**Exercise details**
Images do not belong in the copy. Retype all the entries below exactly.
===== Recorded data =====
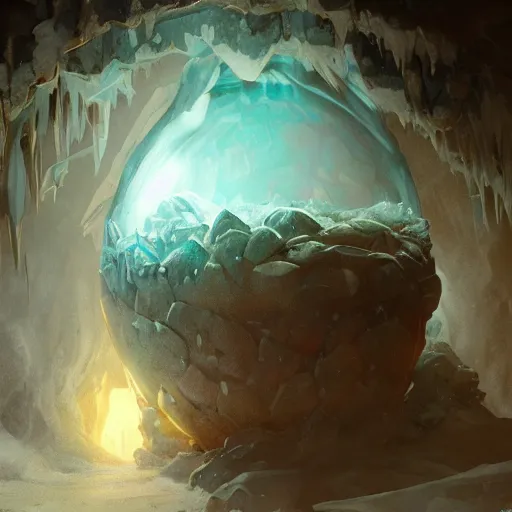 Image similar to A large frozen dragon egg in inside an ice cave, fantasy art by greg rutkowski and alphonse mucha, highly detailed, digital painting, matte painting, concept art, illustration, oppressive lighting, trending on artstation, very detailed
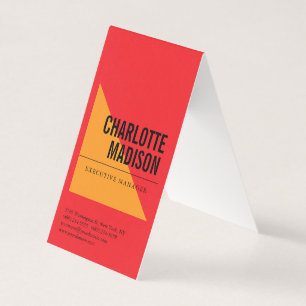 One Sided Retro Red Fancy Trendy Minimalist Plain Business Card
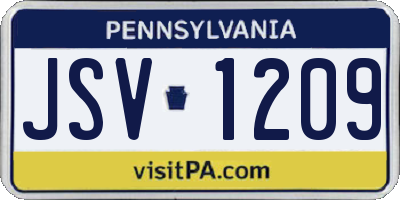 PA license plate JSV1209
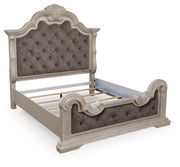 Bruchandi King Upholstered Panel Bed with Dresser in Antique White - PKG023745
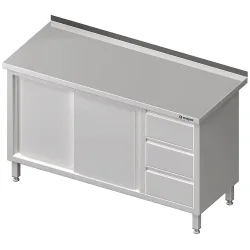 Stalgast Arbeitsschrank mit Schiebetüren, 1700x700x850 mm, mit 3er Schubladenblock rechts, mit Aufkantung, verschweisst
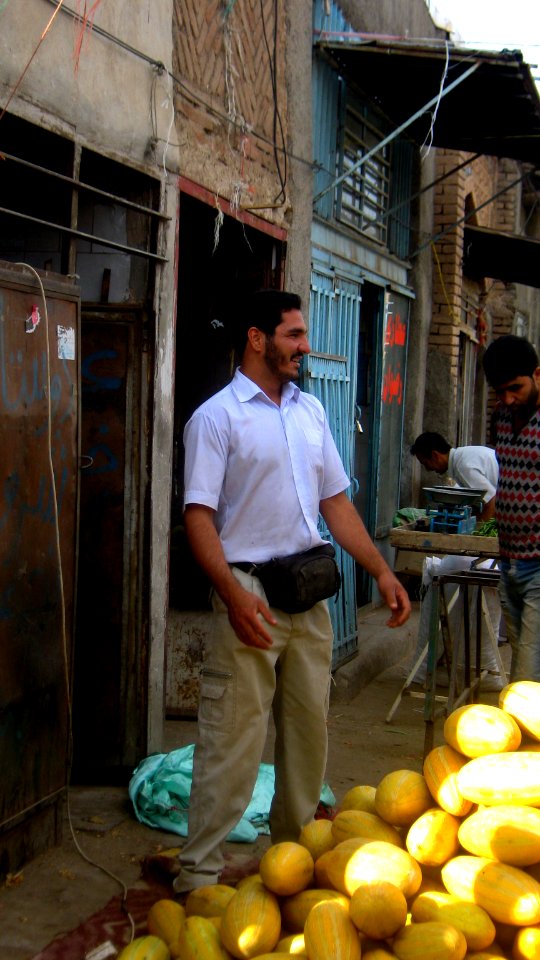Melon vendor in Bazaar of Nishapur at morning 2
=====
**Worked solution**
 Image similar to A large frozen dragon egg in inside an ice cave, fantasy art by greg rutkowski and alphonse mucha, highly detailed, digital painting, matte painting, concept art, illustration, oppressive lighting, trending on artstation, very detailed
 One Sided Retro Red Fancy Trendy Minimalist Plain Business Card
 PA license plate JSV1209
 Bruchandi King Upholstered Panel Bed with Dresser in Antique White - PKG023745
 Stalgast Arbeitsschrank mit Schiebetüren, 1700x700x850 mm, mit 3er Schubladenblock rechts, mit Aufkantung, verschweisst
Melon vendor in Bazaar of Nishapur at morning 2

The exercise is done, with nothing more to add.